Генрих врал. Врал и не чувствовал вины. Прекрасно понятно было, что выиграет либо он, либо Валуа, а игра уже ведётся на поражение. Есть ещё наваррец, но он пока что не опасен – слишком слаб, да и Франция не примет гугенота. Но Генрих III Гизу союзником никогда не станет. Герцог, полностью поддавшись своим амбициям, теперь уже и сам поглядывал в сторону трона.
Шло время, Лига усилялась. В конце концов, она набрала столько сторонников, денег и силы, что уже могла воздействовать на короля, который под её давлением, кажется, уже согласен был оспорить то, что было дано гугенотам при прошлом перемирии.

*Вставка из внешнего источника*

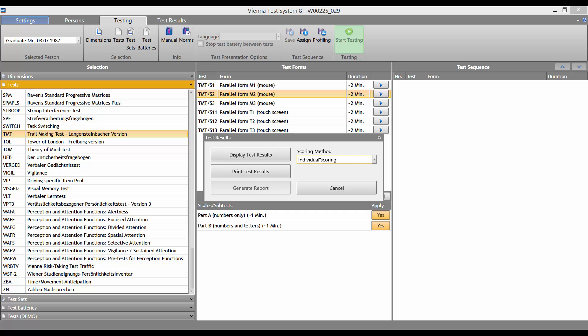The standard option is Individual Scoring. We now click on Display Test Results to see the scoring.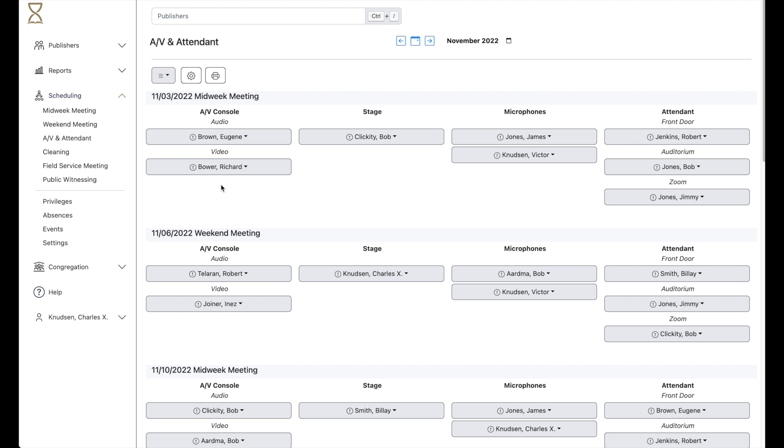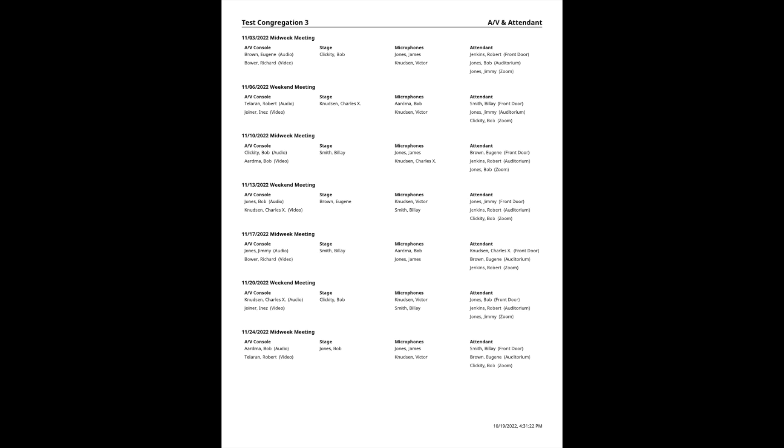To create a printed schedule, just click the print icon, and a PDF version of the schedule will be generated.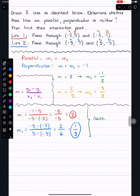So the answer is neither parallel nor perpendicular. That's the first part of the problem. For the second part, we need to find the intersection point, which requires finding the equation of each line.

И, разумеется, подобный шаг влёк за собой новую войну, возможности избежать которой оставалось всё меньше.
Именно войну и обсуждали Генрих с Эженом, сидя в высоких креслах в гостиной дворца Гиза.
– Мы добились своего? – интересовался Бланше, который активно содействовал герцогу в создании и развитии Лиги, будучи его верным помощником.
– Почти, – кивал Генрих с удовлетворённо-надменной улыбкой на тонких губах, аристократическими пальцами постукивая по подоконнику так, что перстни, надетые на них, поблёскивали в привычном полумраке отеля Клиссон, отражая свечи в гранях камней. – Король согласен на войну, он больше не может противиться. Осталось совсем немногое: разбить гугенотов.
– Ты так уверен в успехе?
Лицо Гиза явно говорило о том, что он уверен. Ни тени сомнения не проскальзывало в его чертах.
– Ты, как всегда, поедешь воевать? – задал другой вопрос граф.